What Batting Should I use in my Quilt?

Kimberlee Tanner

Choosing the Best Batting for Your Quilt

You’ve decided what fabrics and pattern to use. You’ve finalized the placement of all the colors and blocks and completed the quilt top. You’ve even decided how you are going to quilt it (or who is going to quilt it) and you have binding ready to go. You’re all done making decisions for  your quilt, right? Nope, there is one more decision you have to make and it can play into the final quilt more than you realize.

We spend lots of time on the outside of the quilt, but how often do we stop to consider what we are going to put on the inside? Do you even realize you have multiple choices for the batting in your quilt? Many quilters have always used or thought that cotton batting was really the only choice for quilts, but that isn’t the case! There are lots of different options and each one is going to be perfect for different situations, depending on the use of the quilt and your preferences. This week, we share an assortment of different battings and some of the pros and situations in which you might want to use each one.


We have all Hobbs Batting samples today, but there are many other manufacturers as well. We do recommend Hobbs, but the most important thing is finding a brand that you like and is readily available to you. We’v also used both Quilter’s Dream and Warm and Natural battings and like both those brands as well. Each company will also have slightly different specialty types of batting, but all should carry similar variations of the basic styles.

The basic battings that most everyone has heard of are 100% cotton, 100% polyester, an a cotton/poly blend. I’ve seen the cotton/poly blend in both an 80/20 mix and a 70/30 mix (the cotton is the higher number). These are always good choices and can provide slightly different results. Any batting that has cotton in it will shrink a little, giving you that crinkly quilt look. You can also get different weights in the 100% cotton, from a very light thin batting, to a thicker and heavier batting. These will provide different lofts and different levels of warmth in the final quilt. The 100% polyester batting is going to have very minimal, if any shrinking, preventing a crinkly quilt afterwards. The Poly batting is also going to have more loft. More loft means more definition in the quilting. Anytime you want to really see the quilting, you’ll want to use a batting type with a higher loft.
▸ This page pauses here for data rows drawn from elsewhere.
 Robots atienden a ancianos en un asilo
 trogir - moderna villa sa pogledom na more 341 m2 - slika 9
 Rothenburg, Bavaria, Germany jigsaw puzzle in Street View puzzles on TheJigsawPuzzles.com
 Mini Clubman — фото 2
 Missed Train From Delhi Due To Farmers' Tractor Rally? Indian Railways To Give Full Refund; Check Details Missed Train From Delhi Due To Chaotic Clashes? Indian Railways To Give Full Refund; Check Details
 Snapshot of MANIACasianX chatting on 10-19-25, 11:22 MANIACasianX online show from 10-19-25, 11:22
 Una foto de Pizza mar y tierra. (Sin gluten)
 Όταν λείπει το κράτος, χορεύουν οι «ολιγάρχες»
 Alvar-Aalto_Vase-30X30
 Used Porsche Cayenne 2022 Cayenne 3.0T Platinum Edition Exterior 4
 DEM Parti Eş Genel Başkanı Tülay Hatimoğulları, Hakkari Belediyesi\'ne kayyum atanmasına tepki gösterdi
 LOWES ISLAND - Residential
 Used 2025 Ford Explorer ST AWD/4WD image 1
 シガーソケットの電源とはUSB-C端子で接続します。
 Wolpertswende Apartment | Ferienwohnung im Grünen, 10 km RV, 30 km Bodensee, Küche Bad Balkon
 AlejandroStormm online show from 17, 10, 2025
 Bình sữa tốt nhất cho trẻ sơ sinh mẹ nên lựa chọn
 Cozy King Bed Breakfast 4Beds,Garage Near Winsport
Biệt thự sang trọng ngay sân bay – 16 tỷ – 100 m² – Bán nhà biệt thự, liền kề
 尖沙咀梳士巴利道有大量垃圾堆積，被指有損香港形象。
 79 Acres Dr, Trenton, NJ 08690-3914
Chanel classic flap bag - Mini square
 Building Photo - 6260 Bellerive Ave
Along with the basic battings, you are going to have premium battings. Some of these are going to be a cotton/wool blend (my personal favorite), 100% wool, and a silk batting. While more expensive, the benefits of these battings outweigh the added cost and can often be worth the extra expense.

I recommend taking the time to actually feel the difference in the battings and experiment with them to discover your favorite types. I like to make mini samplers with each type. That way I can see what it will be like after it’s quilted and washed, giving me a truer sample of how the finished quilt will look.

Whatever type of batting you choose, it’s useful to understand the differences so you are able to make a decision that will best suit the intended use and recipient of the quilt. I know that by spending a little time considering what batting you should use will help you create a quilt you love.